● Exercise instructions
From the top of the entries below through the line containing "Худи мужской база хлопок / Коронавирус", return every line exactly as written, please, and stop there.

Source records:
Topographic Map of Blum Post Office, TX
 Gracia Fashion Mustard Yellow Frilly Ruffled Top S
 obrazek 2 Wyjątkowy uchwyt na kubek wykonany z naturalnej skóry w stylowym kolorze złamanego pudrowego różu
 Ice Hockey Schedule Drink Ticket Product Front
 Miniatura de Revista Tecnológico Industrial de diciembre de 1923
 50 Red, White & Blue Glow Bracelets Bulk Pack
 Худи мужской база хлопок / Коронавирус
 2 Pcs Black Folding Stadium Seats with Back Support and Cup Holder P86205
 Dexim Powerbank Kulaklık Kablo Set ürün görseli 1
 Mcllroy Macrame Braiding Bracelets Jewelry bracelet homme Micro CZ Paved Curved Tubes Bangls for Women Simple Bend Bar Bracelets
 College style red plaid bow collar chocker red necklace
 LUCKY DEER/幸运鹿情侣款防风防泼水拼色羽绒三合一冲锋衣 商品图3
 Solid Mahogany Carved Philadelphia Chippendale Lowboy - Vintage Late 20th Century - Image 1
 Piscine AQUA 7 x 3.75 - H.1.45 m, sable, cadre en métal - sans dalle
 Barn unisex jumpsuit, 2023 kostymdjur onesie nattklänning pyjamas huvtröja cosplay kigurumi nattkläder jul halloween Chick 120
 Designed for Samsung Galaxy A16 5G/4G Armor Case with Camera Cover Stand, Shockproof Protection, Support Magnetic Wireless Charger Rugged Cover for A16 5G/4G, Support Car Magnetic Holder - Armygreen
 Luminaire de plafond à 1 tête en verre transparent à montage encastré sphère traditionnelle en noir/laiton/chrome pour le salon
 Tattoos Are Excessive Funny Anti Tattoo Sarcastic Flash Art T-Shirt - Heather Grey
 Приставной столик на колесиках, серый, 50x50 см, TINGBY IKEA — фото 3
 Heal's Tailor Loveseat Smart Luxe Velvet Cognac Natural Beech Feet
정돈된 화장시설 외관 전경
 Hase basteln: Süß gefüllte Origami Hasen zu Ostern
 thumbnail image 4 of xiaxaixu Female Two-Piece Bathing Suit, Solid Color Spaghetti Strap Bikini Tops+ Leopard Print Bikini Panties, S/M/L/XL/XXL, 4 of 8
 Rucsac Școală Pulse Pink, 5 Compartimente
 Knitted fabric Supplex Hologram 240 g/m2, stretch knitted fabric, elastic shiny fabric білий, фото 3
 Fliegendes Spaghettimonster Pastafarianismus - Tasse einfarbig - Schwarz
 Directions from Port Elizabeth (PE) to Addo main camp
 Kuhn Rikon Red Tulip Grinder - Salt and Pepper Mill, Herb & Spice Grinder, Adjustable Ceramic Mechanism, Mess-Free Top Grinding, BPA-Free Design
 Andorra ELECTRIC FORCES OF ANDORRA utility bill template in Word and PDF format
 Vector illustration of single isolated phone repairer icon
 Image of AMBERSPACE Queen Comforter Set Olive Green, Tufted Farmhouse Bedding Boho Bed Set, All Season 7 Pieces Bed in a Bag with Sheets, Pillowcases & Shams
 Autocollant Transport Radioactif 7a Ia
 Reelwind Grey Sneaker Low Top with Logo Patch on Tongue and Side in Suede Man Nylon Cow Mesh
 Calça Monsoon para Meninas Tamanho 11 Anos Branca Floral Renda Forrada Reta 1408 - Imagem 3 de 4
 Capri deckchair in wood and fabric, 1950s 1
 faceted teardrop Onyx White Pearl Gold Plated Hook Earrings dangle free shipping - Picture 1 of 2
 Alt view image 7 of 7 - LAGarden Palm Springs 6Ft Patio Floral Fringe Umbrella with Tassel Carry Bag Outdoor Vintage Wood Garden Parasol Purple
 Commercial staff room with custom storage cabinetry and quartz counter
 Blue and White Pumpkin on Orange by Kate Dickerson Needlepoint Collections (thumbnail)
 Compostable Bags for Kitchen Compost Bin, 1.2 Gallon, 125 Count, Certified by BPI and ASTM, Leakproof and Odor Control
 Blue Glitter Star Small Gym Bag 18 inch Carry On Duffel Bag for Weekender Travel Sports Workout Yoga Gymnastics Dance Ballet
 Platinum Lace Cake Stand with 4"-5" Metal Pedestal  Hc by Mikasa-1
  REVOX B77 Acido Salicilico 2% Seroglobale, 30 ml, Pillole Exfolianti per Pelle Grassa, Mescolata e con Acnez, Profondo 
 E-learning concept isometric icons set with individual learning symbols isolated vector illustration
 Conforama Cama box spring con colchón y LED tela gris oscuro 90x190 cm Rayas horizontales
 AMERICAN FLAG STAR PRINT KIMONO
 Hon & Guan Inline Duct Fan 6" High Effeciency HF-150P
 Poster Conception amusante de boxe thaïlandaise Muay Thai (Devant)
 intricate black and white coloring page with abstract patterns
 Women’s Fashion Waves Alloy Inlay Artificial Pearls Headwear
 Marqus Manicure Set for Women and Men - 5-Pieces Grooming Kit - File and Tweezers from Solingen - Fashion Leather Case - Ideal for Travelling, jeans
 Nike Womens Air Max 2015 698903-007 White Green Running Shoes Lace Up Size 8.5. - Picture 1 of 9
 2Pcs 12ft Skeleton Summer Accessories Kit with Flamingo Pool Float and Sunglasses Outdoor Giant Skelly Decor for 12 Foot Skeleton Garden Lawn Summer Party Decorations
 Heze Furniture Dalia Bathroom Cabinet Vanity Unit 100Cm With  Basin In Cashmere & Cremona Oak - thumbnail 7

● Exercise answer
Topographic Map of Blum Post Office, TX
 Gracia Fashion Mustard Yellow Frilly Ruffled Top S
 obrazek 2 Wyjątkowy uchwyt na kubek wykonany z naturalnej skóry w stylowym kolorze złamanego pudrowego różu
 Ice Hockey Schedule Drink Ticket Product Front
 Miniatura de Revista Tecnológico Industrial de diciembre de 1923
 50 Red, White & Blue Glow Bracelets Bulk Pack
 Худи мужской база хлопок / Коронавирус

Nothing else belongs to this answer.